Going long – How Britain’s new government is aiming for a decade of national renewal with long-term plans for infrastructure

Going long – How Britain’s new government is aiming for a decade of national renewal with long-term plans for infrastructure

When I tell my American colleagues that Britain has a new Prime Minister and a new government, among the questions that I sometimes receive is: “What? Another one?”

Yes, for the sixth time in eight years, Britain has a new Prime Minister.

Joking aside, this time around, things are different.

For the first time in 14 years, and only the seventh time in our nation’s history, Britain will be led by a Prime Minister representing the Labour party.

Last week, Keir Starmer was elected Prime Minister after standing on a platform promising political and economic stability and pledging to deliver a decade of national renewal.

While the Labour party’s manifesto was more than 140 pages long, its political slogan was one simple word: change.

The result of the General Election campaign saw Keir Starmer and the Labour party rewarded with a 172-seat majority—the third largest Parliamentary majority in British history—providing a strong foundation from which to deliver a mandate for change.

In this blog, I want to look at how Labour might upgrade Britain’s creaking infrastructure.

Two of the five missions Labour is pledging to deliver include:

  1. Securing the highest sustained growth in the G7—with good jobs and productivity growth in every part of the country making everyone, not just a few, better off.
  2. Making Britain a clean energy superpower to cut bills, create jobs, and deliver security with cheaper, zero-carbon electricity by 2030, accelerating to net zero.

In common with most developed western economies, Britain has suffered from years of low economic growth. However, in recent times, the U.K. has been suffering more than most.

Analysis conducted in May 2024 showed that the U.K. suffered the highest inflation and lowest economic growth of any G7 country since the end of 2021.

Britain faces a significant challenge on economic growth but also has an opportunity to achieve faster growth while starting from a lower base than our G7 counterparts.

However, the U.K. is facing a tough problem with the size of its national debt, which reached GBP 2.7 trillion in May. The national debt has risen from 64.7% of GDP in 2010 and is expected to hit 104% of GDP this year.

The new Labour Chancellor of the Exchequer, Rachel Reeves, said this week: “I have repeatedly warned that whoever won the general election would inherit the worst set of circumstances since the Second World War. That is why, over the weekend, I instructed Treasury officials to provide an assessment of the state of our spending inheritance so that I can understand the scale of the challenge. And I will present this to Parliament before the summer recess.”

Perhaps the largest challenge facing the new Government here is that they want to deliver high-growth while sticking to tough spending rules and promising not to raise income tax, national insurance or VAT as three of Britain’s main sources of tax receipts. Ruling out tax increases inhibits the government’s ability to raise more revenue to fund public investment but the tax burden for UK taxpayers is already at a 70-year high.

Given this backdrop, how does Labour plan to deliver growth?

Going long

With plans for a decade of renewal, much of Labour’s industrial and investment strategy is centred around delivering long-term certainty and stability to attract more private investment.

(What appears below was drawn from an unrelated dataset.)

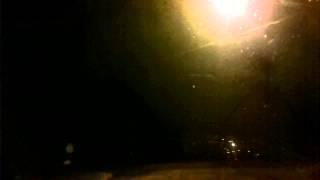 Storm spotting Sept 6 2015
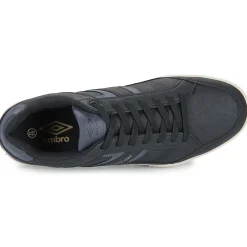 Umbro Um Jade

While Labour plans to deliver fiscal discipline and keep a tight rein on spending, it thinks it can stimulate investment and enable businesses to borrow more cheaply if it elongates the length of its budget programmes and promises funding over a longer time period.

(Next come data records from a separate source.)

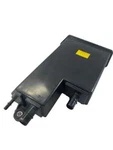 2011-2013 Subaru Forester 2.5L Fuel Vapor Charcoal Canister 42035SC000. Fixed Price $59.21.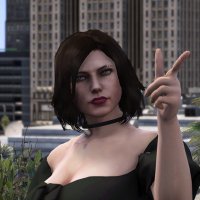 Jenna Parker (@jennamillergta) 's Twitter Profile Photo Jenna Parker (@jennamillergta) 's Twitter Profile Photo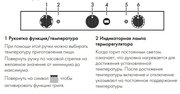Конвекционная печь Smeg ALFA420MFH-2 фото 4 в Санкт-Петербурге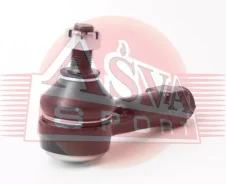 ���������� ������� 0321STW ����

This situation delivers greater certainty to investors and lenders.

The new government’s long-term plans include developing a new 10-year infrastructure strategy, as well as a new industrial strategy to “give business long-term certainty for investment decisions.” It also plans to provide 10-year budgets for globally recognised innovation institutions in the U.K.

In a joint interview in last week’s Sunday Times, Starmer and Reeves said they are preparing to attract private investment worth billions of pounds in the first months of a Labour government, which they hope will help the party meet its ambitious growth target and avoid tax rises and spending cuts.

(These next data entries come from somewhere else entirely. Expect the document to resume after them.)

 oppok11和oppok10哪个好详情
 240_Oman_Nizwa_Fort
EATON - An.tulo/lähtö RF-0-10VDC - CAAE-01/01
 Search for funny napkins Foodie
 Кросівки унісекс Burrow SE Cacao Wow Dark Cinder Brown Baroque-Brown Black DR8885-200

In the interview, they said that “stability of the economy and the stability of the team that is running the country” is something they believe investors will be looking for as they make choices about where to spend their money.

It is a theme that Reeves returned to on Monday (8th July) when announcing GBP 7.3 billion in funding for green innovation projects. Money specifically targeted at investing in nascent technologies or projects at early stages of development that “enable and encourage” risk taking.

Reeves said, “For the first time in a long time, investors will look at Britain and say it’s a country with a stable government, with a clear plan and mandate from the election. That’s different from other countries in the world today,” she said.

Additionally, the new government’s programme is bolstered by plans to create a new National Wealth Fund, which aims to attract GBP 3 of private sector investment for every GBP 1 of taxpayer funding.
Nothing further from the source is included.